INSTRUCTIONS FOR THE TASK: Print the records below word for word, beginning with the first line and ending once the line containing "Ev üçün mebel: Ağ" is printed.
[RECORD EXTRACTS Boundary: Start]
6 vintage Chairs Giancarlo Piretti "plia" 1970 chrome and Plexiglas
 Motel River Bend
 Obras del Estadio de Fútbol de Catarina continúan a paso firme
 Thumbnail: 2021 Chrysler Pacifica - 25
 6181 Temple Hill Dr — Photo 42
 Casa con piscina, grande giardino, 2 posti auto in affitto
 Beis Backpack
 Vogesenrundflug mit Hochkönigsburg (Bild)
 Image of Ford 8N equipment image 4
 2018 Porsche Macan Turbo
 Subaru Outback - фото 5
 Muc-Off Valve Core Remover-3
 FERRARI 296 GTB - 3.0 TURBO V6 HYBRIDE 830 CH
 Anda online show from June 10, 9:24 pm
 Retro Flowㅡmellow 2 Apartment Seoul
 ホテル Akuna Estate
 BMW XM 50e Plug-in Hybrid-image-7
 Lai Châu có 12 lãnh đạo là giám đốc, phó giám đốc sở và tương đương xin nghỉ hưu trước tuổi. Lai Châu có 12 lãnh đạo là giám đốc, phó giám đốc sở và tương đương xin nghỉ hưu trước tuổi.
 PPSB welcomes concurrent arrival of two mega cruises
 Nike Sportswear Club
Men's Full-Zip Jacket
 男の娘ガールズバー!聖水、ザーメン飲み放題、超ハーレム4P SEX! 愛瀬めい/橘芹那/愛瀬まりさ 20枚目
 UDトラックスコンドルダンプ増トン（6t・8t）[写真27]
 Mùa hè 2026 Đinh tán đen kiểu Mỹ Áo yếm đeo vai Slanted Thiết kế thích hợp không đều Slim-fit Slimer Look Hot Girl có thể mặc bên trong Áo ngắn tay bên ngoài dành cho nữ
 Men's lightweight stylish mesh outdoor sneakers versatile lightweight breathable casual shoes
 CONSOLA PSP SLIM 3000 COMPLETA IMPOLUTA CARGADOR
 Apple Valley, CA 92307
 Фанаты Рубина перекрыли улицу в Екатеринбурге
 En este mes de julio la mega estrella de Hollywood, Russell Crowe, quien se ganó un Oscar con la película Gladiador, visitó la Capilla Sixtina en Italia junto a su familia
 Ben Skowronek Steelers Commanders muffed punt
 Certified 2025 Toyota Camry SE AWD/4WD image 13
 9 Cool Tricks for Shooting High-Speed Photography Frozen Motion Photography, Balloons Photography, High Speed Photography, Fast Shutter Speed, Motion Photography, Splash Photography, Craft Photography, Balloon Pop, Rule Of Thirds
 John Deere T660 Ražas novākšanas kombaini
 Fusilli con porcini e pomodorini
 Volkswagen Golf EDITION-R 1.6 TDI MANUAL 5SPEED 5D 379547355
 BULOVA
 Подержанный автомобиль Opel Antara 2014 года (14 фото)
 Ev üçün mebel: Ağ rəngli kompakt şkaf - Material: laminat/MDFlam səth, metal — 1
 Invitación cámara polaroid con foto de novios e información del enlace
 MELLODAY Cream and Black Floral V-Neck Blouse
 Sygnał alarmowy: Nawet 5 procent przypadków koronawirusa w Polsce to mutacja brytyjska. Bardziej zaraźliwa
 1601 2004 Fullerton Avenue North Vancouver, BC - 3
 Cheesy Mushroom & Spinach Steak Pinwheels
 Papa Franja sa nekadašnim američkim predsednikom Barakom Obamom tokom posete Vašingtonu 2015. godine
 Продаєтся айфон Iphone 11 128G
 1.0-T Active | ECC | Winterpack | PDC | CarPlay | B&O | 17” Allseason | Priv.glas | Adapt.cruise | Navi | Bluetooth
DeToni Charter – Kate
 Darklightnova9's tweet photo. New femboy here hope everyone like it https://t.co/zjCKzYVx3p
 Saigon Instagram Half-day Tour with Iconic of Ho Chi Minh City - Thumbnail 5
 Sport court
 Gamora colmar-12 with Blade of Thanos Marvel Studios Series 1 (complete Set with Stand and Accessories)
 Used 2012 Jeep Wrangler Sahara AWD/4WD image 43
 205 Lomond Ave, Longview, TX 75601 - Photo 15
[RECORD EXTRACTS Boundary: End]
TASK SOLUTION:
6 vintage Chairs Giancarlo Piretti "plia" 1970 chrome and Plexiglas
 Motel River Bend
 Obras del Estadio de Fútbol de Catarina continúan a paso firme
 Thumbnail: 2021 Chrysler Pacifica - 25
 6181 Temple Hill Dr — Photo 42
 Casa con piscina, grande giardino, 2 posti auto in affitto
 Beis Backpack
 Vogesenrundflug mit Hochkönigsburg (Bild)
 Image of Ford 8N equipment image 4
 2018 Porsche Macan Turbo
 Subaru Outback - фото 5
 Muc-Off Valve Core Remover-3
 FERRARI 296 GTB - 3.0 TURBO V6 HYBRIDE 830 CH
 Anda online show from June 10, 9:24 pm
 Retro Flowㅡmellow 2 Apartment Seoul
 ホテル Akuna Estate
 BMW XM 50e Plug-in Hybrid-image-7
 Lai Châu có 12 lãnh đạo là giám đốc, phó giám đốc sở và tương đương xin nghỉ hưu trước tuổi. Lai Châu có 12 lãnh đạo là giám đốc, phó giám đốc sở và tương đương xin nghỉ hưu trước tuổi.
 PPSB welcomes concurrent arrival of two mega cruises
 Nike Sportswear Club
Men's Full-Zip Jacket
 男の娘ガールズバー!聖水、ザーメン飲み放題、超ハーレム4P SEX! 愛瀬めい/橘芹那/愛瀬まりさ 20枚目
 UDトラックスコンドルダンプ増トン（6t・8t）[写真27]
 Mùa hè 2026 Đinh tán đen kiểu Mỹ Áo yếm đeo vai Slanted Thiết kế thích hợp không đều Slim-fit Slimer Look Hot Girl có thể mặc bên trong Áo ngắn tay bên ngoài dành cho nữ
 Men's lightweight stylish mesh outdoor sneakers versatile lightweight breathable casual shoes
 CONSOLA PSP SLIM 3000 COMPLETA IMPOLUTA CARGADOR
 Apple Valley, CA 92307
 Фанаты Рубина перекрыли улицу в Екатеринбурге
 En este mes de julio la mega estrella de Hollywood, Russell Crowe, quien se ganó un Oscar con la película Gladiador, visitó la Capilla Sixtina en Italia junto a su familia
 Ben Skowronek Steelers Commanders muffed punt
 Certified 2025 Toyota Camry SE AWD/4WD image 13
 9 Cool Tricks for Shooting High-Speed Photography Frozen Motion Photography, Balloons Photography, High Speed Photography, Fast Shutter Speed, Motion Photography, Splash Photography, Craft Photography, Balloon Pop, Rule Of Thirds
 John Deere T660 Ražas novākšanas kombaini
 Fusilli con porcini e pomodorini
 Volkswagen Golf EDITION-R 1.6 TDI MANUAL 5SPEED 5D 379547355
 BULOVA
 Подержанный автомобиль Opel Antara 2014 года (14 фото)
 Ev üçün mebel: Ağ rəngli kompakt şkaf - Material: laminat/MDFlam səth, metal — 1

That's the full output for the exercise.